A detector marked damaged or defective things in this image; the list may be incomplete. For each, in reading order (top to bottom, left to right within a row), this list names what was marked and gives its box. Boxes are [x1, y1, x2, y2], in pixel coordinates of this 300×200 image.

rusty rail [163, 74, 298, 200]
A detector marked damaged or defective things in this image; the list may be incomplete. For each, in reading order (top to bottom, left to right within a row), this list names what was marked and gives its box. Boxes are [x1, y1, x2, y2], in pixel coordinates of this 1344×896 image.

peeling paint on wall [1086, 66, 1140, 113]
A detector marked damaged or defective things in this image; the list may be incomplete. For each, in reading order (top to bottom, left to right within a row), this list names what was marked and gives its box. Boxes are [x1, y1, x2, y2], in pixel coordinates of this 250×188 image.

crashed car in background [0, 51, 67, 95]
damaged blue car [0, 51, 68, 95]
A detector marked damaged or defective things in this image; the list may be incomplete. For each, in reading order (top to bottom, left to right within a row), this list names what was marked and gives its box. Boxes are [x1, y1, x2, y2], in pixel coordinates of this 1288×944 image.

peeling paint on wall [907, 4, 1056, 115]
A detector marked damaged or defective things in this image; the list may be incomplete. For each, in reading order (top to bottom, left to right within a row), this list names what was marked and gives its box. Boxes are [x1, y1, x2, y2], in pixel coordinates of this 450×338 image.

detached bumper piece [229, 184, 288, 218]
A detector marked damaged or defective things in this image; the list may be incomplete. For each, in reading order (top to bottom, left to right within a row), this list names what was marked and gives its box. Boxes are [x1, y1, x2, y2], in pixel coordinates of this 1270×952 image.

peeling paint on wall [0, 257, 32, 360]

=== What the task asks ===
The records above must be output exactly, in full.

=== Written answer ===
A detector marked damaged or defective things in this image; the list may be incomplete. For each, in reading order (top to bottom, left to right within a row), this list names what was marked and gives its box. Boxes are [x1, y1, x2, y2], in pixel coordinates of this 300×200 image.

rusty rail [163, 74, 298, 200]
A detector marked damaged or defective things in this image; the list may be incomplete. For each, in reading order (top to bottom, left to right within a row), this list names what was marked and gives its box. Boxes are [x1, y1, x2, y2], in pixel coordinates of this 1344×896 image.

peeling paint on wall [1086, 66, 1140, 113]
A detector marked damaged or defective things in this image; the list may be incomplete. For each, in reading order (top to bottom, left to right within a row), this list names what was marked and gives its box. Boxes are [x1, y1, x2, y2], in pixel coordinates of this 250×188 image.

crashed car in background [0, 51, 67, 95]
damaged blue car [0, 51, 68, 95]
A detector marked damaged or defective things in this image; the list may be incomplete. For each, in reading order (top to bottom, left to right within a row), this list names what was marked and gives its box. Boxes are [x1, y1, x2, y2], in pixel coordinates of this 1288×944 image.

peeling paint on wall [907, 4, 1056, 115]
A detector marked damaged or defective things in this image; the list may be incomplete. For each, in reading order (top to bottom, left to right within a row), this list names what was marked and gives its box. Boxes are [x1, y1, x2, y2], in pixel coordinates of this 450×338 image.

detached bumper piece [229, 184, 288, 218]
A detector marked damaged or defective things in this image; the list may be incomplete. For each, in reading order (top to bottom, left to right within a row), this list names what was marked and gives its box. Boxes are [x1, y1, x2, y2], in pixel coordinates of this 1270×952 image.

peeling paint on wall [0, 257, 32, 360]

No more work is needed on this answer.